Your instructions:
Look below for the line holding "At NorthshoreCommercialDoor.com, we" and the line holding "To adjust it, we". Transcribe exactly those lines and all lines between them, nothing more.

-------- Extracted material --------

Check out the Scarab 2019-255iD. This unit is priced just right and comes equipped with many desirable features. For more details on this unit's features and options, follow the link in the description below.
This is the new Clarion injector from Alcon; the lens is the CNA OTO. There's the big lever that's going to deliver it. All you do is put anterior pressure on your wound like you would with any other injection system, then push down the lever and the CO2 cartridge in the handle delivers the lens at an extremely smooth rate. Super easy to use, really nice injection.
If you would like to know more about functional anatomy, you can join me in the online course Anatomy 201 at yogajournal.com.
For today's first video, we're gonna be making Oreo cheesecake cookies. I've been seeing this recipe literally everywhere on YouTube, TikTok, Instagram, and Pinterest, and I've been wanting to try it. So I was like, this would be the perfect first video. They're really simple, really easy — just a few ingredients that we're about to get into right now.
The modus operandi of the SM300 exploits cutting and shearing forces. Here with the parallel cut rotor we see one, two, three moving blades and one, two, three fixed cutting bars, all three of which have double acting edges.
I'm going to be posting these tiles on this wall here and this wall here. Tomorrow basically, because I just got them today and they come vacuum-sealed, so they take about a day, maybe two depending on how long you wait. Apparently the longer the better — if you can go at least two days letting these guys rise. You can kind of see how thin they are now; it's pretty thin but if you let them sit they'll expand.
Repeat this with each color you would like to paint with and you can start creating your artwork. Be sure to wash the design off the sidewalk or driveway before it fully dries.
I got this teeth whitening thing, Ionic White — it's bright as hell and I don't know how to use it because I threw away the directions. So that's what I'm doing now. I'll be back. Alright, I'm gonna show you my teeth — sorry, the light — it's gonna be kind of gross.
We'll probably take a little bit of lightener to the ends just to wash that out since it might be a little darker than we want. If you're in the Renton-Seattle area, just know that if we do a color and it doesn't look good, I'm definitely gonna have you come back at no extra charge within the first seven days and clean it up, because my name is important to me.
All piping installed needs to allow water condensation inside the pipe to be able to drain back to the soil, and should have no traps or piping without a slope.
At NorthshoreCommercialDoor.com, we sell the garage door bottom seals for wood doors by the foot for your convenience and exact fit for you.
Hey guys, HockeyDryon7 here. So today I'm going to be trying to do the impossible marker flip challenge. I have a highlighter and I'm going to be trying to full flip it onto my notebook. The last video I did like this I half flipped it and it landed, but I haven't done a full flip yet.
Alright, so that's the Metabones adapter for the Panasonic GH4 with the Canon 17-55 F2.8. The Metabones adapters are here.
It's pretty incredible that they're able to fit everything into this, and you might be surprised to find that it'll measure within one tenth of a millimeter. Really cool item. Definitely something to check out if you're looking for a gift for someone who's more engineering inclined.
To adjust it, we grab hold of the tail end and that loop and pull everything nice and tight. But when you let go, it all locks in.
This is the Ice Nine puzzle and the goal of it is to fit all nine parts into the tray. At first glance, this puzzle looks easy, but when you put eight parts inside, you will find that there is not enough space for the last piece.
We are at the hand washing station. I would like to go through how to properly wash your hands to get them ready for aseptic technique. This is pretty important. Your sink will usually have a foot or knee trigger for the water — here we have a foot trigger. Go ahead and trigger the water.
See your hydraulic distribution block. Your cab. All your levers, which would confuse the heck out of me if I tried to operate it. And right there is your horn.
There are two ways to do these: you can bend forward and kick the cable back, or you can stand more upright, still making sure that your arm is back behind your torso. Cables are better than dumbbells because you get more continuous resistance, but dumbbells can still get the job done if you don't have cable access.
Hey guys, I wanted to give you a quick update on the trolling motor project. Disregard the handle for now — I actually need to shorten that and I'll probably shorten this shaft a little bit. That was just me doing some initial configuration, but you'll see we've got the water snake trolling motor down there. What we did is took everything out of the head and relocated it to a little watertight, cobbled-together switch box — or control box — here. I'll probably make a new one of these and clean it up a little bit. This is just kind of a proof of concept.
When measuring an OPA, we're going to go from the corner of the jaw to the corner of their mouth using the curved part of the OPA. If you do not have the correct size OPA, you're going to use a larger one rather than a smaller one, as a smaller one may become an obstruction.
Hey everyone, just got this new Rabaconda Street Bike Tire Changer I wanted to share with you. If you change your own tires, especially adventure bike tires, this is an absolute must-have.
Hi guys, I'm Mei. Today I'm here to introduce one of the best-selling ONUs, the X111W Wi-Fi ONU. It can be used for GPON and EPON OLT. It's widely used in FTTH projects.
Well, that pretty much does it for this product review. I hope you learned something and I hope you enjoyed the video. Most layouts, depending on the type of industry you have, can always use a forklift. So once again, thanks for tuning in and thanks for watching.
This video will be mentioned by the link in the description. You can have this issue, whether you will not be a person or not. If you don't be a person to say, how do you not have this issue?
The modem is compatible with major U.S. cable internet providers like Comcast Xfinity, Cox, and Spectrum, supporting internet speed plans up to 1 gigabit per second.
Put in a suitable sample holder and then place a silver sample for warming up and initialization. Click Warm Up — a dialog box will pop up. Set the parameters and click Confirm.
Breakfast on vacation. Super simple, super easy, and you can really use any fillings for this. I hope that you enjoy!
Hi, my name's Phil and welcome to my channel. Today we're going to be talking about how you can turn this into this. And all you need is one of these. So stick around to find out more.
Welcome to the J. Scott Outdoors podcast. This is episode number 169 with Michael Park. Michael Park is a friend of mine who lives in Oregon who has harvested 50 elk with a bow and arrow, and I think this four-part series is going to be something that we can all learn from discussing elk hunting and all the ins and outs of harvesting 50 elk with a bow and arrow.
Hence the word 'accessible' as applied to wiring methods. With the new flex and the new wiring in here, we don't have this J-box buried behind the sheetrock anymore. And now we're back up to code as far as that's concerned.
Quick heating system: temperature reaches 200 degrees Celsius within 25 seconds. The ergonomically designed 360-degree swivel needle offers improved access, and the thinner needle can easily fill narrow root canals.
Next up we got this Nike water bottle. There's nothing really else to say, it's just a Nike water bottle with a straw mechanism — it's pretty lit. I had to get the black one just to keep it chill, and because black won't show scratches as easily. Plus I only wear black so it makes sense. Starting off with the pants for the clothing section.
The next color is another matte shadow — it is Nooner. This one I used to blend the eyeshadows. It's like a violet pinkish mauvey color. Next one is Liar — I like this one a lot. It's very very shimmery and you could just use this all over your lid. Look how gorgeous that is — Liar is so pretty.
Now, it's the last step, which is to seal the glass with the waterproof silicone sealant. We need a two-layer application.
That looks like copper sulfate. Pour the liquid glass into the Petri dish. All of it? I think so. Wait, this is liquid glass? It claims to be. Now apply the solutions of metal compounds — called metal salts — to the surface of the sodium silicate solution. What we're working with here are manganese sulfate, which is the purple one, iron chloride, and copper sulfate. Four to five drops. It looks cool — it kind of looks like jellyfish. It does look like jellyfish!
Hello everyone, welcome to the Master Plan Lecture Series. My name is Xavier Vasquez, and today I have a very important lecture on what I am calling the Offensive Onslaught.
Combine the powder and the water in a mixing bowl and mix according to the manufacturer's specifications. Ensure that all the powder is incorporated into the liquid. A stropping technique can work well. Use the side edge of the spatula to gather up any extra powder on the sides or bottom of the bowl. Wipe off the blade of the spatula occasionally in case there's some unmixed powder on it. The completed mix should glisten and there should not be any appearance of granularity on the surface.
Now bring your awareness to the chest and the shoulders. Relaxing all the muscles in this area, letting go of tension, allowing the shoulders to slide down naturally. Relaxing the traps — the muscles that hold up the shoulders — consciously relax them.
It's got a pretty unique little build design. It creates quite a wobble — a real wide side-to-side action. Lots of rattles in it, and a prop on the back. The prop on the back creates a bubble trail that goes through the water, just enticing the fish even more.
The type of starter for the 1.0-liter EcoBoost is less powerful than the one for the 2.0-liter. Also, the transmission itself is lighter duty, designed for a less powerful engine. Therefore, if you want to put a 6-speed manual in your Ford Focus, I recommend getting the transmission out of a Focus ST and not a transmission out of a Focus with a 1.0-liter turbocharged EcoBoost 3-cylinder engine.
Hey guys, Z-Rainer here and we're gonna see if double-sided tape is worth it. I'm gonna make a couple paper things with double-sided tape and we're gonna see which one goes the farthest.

--------

Output for this exercise:
At NorthshoreCommercialDoor.com, we sell the garage door bottom seals for wood doors by the foot for your convenience and exact fit for you.
Hey guys, HockeyDryon7 here. So today I'm going to be trying to do the impossible marker flip challenge. I have a highlighter and I'm going to be trying to full flip it onto my notebook. The last video I did like this I half flipped it and it landed, but I haven't done a full flip yet.
Alright, so that's the Metabones adapter for the Panasonic GH4 with the Canon 17-55 F2.8. The Metabones adapters are here.
It's pretty incredible that they're able to fit everything into this, and you might be surprised to find that it'll measure within one tenth of a millimeter. Really cool item. Definitely something to check out if you're looking for a gift for someone who's more engineering inclined.
To adjust it, we grab hold of the tail end and that loop and pull everything nice and tight. But when you let go, it all locks in.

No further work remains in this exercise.